▶ [To do] When you repeat the listing, keep every character as it is.

▶ [Raw data]
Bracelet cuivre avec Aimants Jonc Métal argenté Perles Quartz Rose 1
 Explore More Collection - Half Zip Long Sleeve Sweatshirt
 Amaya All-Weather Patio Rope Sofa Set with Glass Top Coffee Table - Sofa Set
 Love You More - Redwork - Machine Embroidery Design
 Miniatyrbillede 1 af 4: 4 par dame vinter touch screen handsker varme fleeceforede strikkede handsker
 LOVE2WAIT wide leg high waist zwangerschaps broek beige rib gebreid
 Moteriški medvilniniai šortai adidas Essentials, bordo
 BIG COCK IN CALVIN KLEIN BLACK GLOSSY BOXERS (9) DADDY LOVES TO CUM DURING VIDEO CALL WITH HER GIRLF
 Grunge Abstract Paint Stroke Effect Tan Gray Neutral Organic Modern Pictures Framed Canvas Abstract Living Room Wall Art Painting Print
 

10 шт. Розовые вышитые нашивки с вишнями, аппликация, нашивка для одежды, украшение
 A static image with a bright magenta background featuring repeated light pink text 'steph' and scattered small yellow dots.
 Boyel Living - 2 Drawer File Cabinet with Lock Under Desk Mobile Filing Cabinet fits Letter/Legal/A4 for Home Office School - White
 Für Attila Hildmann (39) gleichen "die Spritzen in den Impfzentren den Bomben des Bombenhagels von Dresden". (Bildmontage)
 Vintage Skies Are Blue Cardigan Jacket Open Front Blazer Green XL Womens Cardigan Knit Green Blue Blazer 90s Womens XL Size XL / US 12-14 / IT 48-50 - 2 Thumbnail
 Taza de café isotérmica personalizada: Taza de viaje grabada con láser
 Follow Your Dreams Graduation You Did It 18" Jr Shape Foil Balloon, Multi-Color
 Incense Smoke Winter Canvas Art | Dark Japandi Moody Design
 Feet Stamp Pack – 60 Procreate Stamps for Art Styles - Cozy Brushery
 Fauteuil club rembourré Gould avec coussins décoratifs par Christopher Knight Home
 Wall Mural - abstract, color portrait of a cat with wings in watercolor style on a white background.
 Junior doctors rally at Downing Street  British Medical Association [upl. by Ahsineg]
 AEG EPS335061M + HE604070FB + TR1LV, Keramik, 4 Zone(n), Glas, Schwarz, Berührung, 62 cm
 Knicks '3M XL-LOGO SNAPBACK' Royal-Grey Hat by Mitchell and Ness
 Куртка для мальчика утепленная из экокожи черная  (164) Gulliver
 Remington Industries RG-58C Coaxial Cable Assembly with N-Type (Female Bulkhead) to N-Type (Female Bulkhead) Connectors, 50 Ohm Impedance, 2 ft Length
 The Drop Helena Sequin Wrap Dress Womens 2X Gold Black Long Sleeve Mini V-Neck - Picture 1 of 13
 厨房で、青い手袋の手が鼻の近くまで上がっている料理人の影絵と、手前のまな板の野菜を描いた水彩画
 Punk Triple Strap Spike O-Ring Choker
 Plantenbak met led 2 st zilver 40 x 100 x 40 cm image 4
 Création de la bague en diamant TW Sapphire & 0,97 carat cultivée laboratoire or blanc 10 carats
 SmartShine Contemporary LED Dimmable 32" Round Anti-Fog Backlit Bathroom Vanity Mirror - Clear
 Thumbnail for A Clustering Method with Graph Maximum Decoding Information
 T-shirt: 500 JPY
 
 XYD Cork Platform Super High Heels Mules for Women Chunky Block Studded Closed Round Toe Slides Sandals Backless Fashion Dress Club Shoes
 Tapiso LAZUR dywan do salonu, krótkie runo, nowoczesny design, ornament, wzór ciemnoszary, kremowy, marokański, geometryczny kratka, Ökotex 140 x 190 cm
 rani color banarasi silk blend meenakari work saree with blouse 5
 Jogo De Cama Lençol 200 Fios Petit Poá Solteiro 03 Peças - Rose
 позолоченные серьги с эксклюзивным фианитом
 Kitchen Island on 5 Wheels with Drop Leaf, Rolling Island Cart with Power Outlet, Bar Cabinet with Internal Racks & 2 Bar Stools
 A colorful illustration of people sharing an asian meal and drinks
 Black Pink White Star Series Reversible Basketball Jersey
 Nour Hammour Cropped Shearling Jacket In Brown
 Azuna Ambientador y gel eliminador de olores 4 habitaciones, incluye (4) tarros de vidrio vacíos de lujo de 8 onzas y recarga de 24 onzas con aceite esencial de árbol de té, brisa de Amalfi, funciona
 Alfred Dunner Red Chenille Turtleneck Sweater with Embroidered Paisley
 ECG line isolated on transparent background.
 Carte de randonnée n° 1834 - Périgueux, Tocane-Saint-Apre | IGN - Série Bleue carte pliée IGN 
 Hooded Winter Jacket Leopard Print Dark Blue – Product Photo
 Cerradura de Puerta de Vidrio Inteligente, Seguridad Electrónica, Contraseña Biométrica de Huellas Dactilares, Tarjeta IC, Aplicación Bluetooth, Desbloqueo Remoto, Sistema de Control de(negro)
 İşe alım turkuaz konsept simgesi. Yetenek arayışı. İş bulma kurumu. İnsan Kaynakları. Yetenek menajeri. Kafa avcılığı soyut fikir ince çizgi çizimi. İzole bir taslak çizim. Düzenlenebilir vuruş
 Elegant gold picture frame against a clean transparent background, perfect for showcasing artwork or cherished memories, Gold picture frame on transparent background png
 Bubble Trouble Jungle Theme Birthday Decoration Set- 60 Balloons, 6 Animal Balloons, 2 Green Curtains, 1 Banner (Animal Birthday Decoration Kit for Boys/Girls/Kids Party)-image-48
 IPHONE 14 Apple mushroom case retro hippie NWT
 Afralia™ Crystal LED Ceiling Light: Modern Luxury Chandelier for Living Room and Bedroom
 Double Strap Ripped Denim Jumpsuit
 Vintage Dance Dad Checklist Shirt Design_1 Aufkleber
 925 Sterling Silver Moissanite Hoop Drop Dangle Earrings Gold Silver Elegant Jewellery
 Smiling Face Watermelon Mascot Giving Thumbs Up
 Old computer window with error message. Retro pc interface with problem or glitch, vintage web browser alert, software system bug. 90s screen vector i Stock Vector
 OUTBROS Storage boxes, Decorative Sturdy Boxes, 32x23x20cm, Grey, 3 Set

▶ [Result]
Bracelet cuivre avec Aimants Jonc Métal argenté Perles Quartz Rose 1
 Explore More Collection - Half Zip Long Sleeve Sweatshirt
 Amaya All-Weather Patio Rope Sofa Set with Glass Top Coffee Table - Sofa Set
 Love You More - Redwork - Machine Embroidery Design
 Miniatyrbillede 1 af 4: 4 par dame vinter touch screen handsker varme fleeceforede strikkede handsker
 LOVE2WAIT wide leg high waist zwangerschaps broek beige rib gebreid
 Moteriški medvilniniai šortai adidas Essentials, bordo
 BIG COCK IN CALVIN KLEIN BLACK GLOSSY BOXERS (9) DADDY LOVES TO CUM DURING VIDEO CALL WITH HER GIRLF
 Grunge Abstract Paint Stroke Effect Tan Gray Neutral Organic Modern Pictures Framed Canvas Abstract Living Room Wall Art Painting Print
 

10 шт. Розовые вышитые нашивки с вишнями, аппликация, нашивка для одежды, украшение
 A static image with a bright magenta background featuring repeated light pink text 'steph' and scattered small yellow dots.
 Boyel Living - 2 Drawer File Cabinet with Lock Under Desk Mobile Filing Cabinet fits Letter/Legal/A4 for Home Office School - White
 Für Attila Hildmann (39) gleichen "die Spritzen in den Impfzentren den Bomben des Bombenhagels von Dresden". (Bildmontage)
 Vintage Skies Are Blue Cardigan Jacket Open Front Blazer Green XL Womens Cardigan Knit Green Blue Blazer 90s Womens XL Size XL / US 12-14 / IT 48-50 - 2 Thumbnail
 Taza de café isotérmica personalizada: Taza de viaje grabada con láser
 Follow Your Dreams Graduation You Did It 18" Jr Shape Foil Balloon, Multi-Color
 Incense Smoke Winter Canvas Art | Dark Japandi Moody Design
 Feet Stamp Pack – 60 Procreate Stamps for Art Styles - Cozy Brushery
 Fauteuil club rembourré Gould avec coussins décoratifs par Christopher Knight Home
 Wall Mural - abstract, color portrait of a cat with wings in watercolor style on a white background.
 Junior doctors rally at Downing Street  British Medical Association [upl. by Ahsineg]
 AEG EPS335061M + HE604070FB + TR1LV, Keramik, 4 Zone(n), Glas, Schwarz, Berührung, 62 cm
 Knicks '3M XL-LOGO SNAPBACK' Royal-Grey Hat by Mitchell and Ness
 Куртка для мальчика утепленная из экокожи черная  (164) Gulliver
 Remington Industries RG-58C Coaxial Cable Assembly with N-Type (Female Bulkhead) to N-Type (Female Bulkhead) Connectors, 50 Ohm Impedance, 2 ft Length
 The Drop Helena Sequin Wrap Dress Womens 2X Gold Black Long Sleeve Mini V-Neck - Picture 1 of 13
 厨房で、青い手袋の手が鼻の近くまで上がっている料理人の影絵と、手前のまな板の野菜を描いた水彩画
 Punk Triple Strap Spike O-Ring Choker
 Plantenbak met led 2 st zilver 40 x 100 x 40 cm image 4
 Création de la bague en diamant TW Sapphire & 0,97 carat cultivée laboratoire or blanc 10 carats
 SmartShine Contemporary LED Dimmable 32" Round Anti-Fog Backlit Bathroom Vanity Mirror - Clear
 Thumbnail for A Clustering Method with Graph Maximum Decoding Information
 T-shirt: 500 JPY
 
 XYD Cork Platform Super High Heels Mules for Women Chunky Block Studded Closed Round Toe Slides Sandals Backless Fashion Dress Club Shoes
 Tapiso LAZUR dywan do salonu, krótkie runo, nowoczesny design, ornament, wzór ciemnoszary, kremowy, marokański, geometryczny kratka, Ökotex 140 x 190 cm
 rani color banarasi silk blend meenakari work saree with blouse 5
 Jogo De Cama Lençol 200 Fios Petit Poá Solteiro 03 Peças - Rose
 позолоченные серьги с эксклюзивным фианитом
 Kitchen Island on 5 Wheels with Drop Leaf, Rolling Island Cart with Power Outlet, Bar Cabinet with Internal Racks & 2 Bar Stools
 A colorful illustration of people sharing an asian meal and drinks
 Black Pink White Star Series Reversible Basketball Jersey
 Nour Hammour Cropped Shearling Jacket In Brown
 Azuna Ambientador y gel eliminador de olores 4 habitaciones, incluye (4) tarros de vidrio vacíos de lujo de 8 onzas y recarga de 24 onzas con aceite esencial de árbol de té, brisa de Amalfi, funciona
 Alfred Dunner Red Chenille Turtleneck Sweater with Embroidered Paisley
 ECG line isolated on transparent background.
 Carte de randonnée n° 1834 - Périgueux, Tocane-Saint-Apre | IGN - Série Bleue carte pliée IGN 
 Hooded Winter Jacket Leopard Print Dark Blue – Product Photo
 Cerradura de Puerta de Vidrio Inteligente, Seguridad Electrónica, Contraseña Biométrica de Huellas Dactilares, Tarjeta IC, Aplicación Bluetooth, Desbloqueo Remoto, Sistema de Control de(negro)
 İşe alım turkuaz konsept simgesi. Yetenek arayışı. İş bulma kurumu. İnsan Kaynakları. Yetenek menajeri. Kafa avcılığı soyut fikir ince çizgi çizimi. İzole bir taslak çizim. Düzenlenebilir vuruş
 Elegant gold picture frame against a clean transparent background, perfect for showcasing artwork or cherished memories, Gold picture frame on transparent background png
 Bubble Trouble Jungle Theme Birthday Decoration Set- 60 Balloons, 6 Animal Balloons, 2 Green Curtains, 1 Banner (Animal Birthday Decoration Kit for Boys/Girls/Kids Party)-image-48
 IPHONE 14 Apple mushroom case retro hippie NWT
 Afralia™ Crystal LED Ceiling Light: Modern Luxury Chandelier for Living Room and Bedroom
 Double Strap Ripped Denim Jumpsuit
 Vintage Dance Dad Checklist Shirt Design_1 Aufkleber
 925 Sterling Silver Moissanite Hoop Drop Dangle Earrings Gold Silver Elegant Jewellery
 Smiling Face Watermelon Mascot Giving Thumbs Up
 Old computer window with error message. Retro pc interface with problem or glitch, vintage web browser alert, software system bug. 90s screen vector i Stock Vector
 OUTBROS Storage boxes, Decorative Sturdy Boxes, 32x23x20cm, Grey, 3 Set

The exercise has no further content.